The Buprestidae beetle ‘necklace’ resides within the educational material of the entomological collection of the Iziko South African Museum (iSAM) in Cape Town, South Africa. Margaret Cochrane, collections manager of the entomology collection of the South African Museum in the 1990s, made the jewel beetle ‘necklace’ by organising a selection of jewel beetle specimens into the arrangement. The arrangement is especially effective with larger specimens to one end (the more ‘frontal’ end) and gradually becoming smaller around the end that might sit at the back of one’s neck – typical of many necklace designs. What Cochrane hoped to demonstrate was the beauty of insects and their jewel-like qualities.
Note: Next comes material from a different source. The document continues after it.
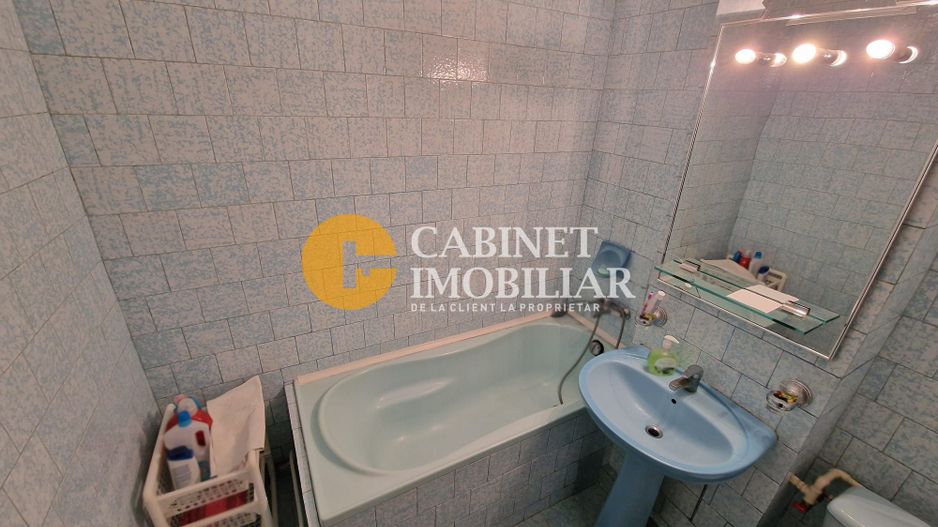 GARA - ARCU - 3 CAMERE DECOMANDAT - ETAJ INTERMEDIAR - BOXĂ + LOC DE PARCARE - Poză 9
The ‘necklace’ was exhibited along with a few other insects in an exhibition called Nature’s Gifts, at the Cape Town International Conference Centre from 2004 to 2007. The exhibition statement called for an appreciation of the beauty and usefulness of nature and organisms in a world where they are often ignored or destroyed.

Beetle wings and other exoskeleton parts, often those brightly coloured and iridescent, have long been collected and traded. Members of the Buprestids are a rich source of protein and have been harvested for sustenance in different parts of the world including South Africa. This probably led to the use of the discarded wings, which are not typically eaten, for use in art, craft and bodily adornment. Rivers and Klein cite examples of historic and some contemporary uses of colourful beetle wings in Japan, India, Highland New Guinea, Amazonia, Thailand, Myanmar or Burma, England and other parts of Europe, Mexico, and parts of Central America. Historically, Akyab in the Arakan district of Myanmar, or Burma, was the source of beetle wings, the locale at which harvesting occurred. The wings were then transferred to Calcutta for further distribution. The Cyclopedia of India of 1885 lists beetle wings as an item of commerce and gives an indication of the large volume of wings that were collected each season. It seems that commercial harvesting of beetles for their wings still occurs in current times, the market of which is said to be in Bangkok.

 

Art and Adornment with Arthropods

The use of animals, or their products, as art media (in terms of inspiration, collaboration, or as literal mediums) is a well-established practice throughout space and time. A notable mention is the work of sculptor Hubert Duprat, who has employed the skills of caddisfly larvae. By replacing the river sediment and organic material the insect larvae usually uses with precious materials like gemstones, pearls and flakes of gold to make repairs, Duprat and the caddisfly collaborate for the construction of a bejeweled cylinder, a process which has also been used in the jewellery industry. According to Klein (2002: 176), “the most prevalent, ubiquitous form of animal life incorporated in artwork is found within the phylum Arthropoda.” Predictably, the wings of beetles are cited as commonly used, especially those of buprestids and scarabs. Just two examples will be mentioned here. The miniature paintings of the Basohli School in India incorporated iridescent beetle wings to represent jewels in their art from around 1690 to 1730. Work of the contemporary artist Jan Fabre reveals the continued availability of the wings of certain buprestid species for commercial purchase, some the by-products of Southeast Asian restaurants. Covering the barrel vault and ceiling niches of a grand hall at the Royal Palace, Brussels, Fabre’s Heaven of Delight (2002) consists of immense, mosaicked constructions made with millions of iridescent wings.

Much of what is documented on the use of beetle wings, in the aforementioned areas of the world, concerns textiles. Generally the wings are incorporated into embroidery, fixed with thread through small holes made in the hard plate, or held under webs or grids of thread. Impressive examples of beetle wing embroidery work, made with precious metals, can be found in the Mughal era (16th – 18th century India). These garments were for royalty, due to their expensive materials and intricate workmanship. Textiles like these influenced European clothing of the 1800s. The Great Exhibition of the Industry of All Nations in 1851 in London had a lace dress on display, “in which part of the pattern [was] composed of entire beetle wings stitched onto the dress in leaf and flower motifs,” says Rivers. Mentions of other such examples exist, and it seems that artisans in Europe and India produced them. A small industry arose in Indian cities producing fabric of embroidered metal threads and beetle wings for sale to Europeans. Tolini also presents examples of western style dresses of white fabric adorned with iridescent green beetle embroidery, made in England from imported Indian fabric in the 1840s and 1850s.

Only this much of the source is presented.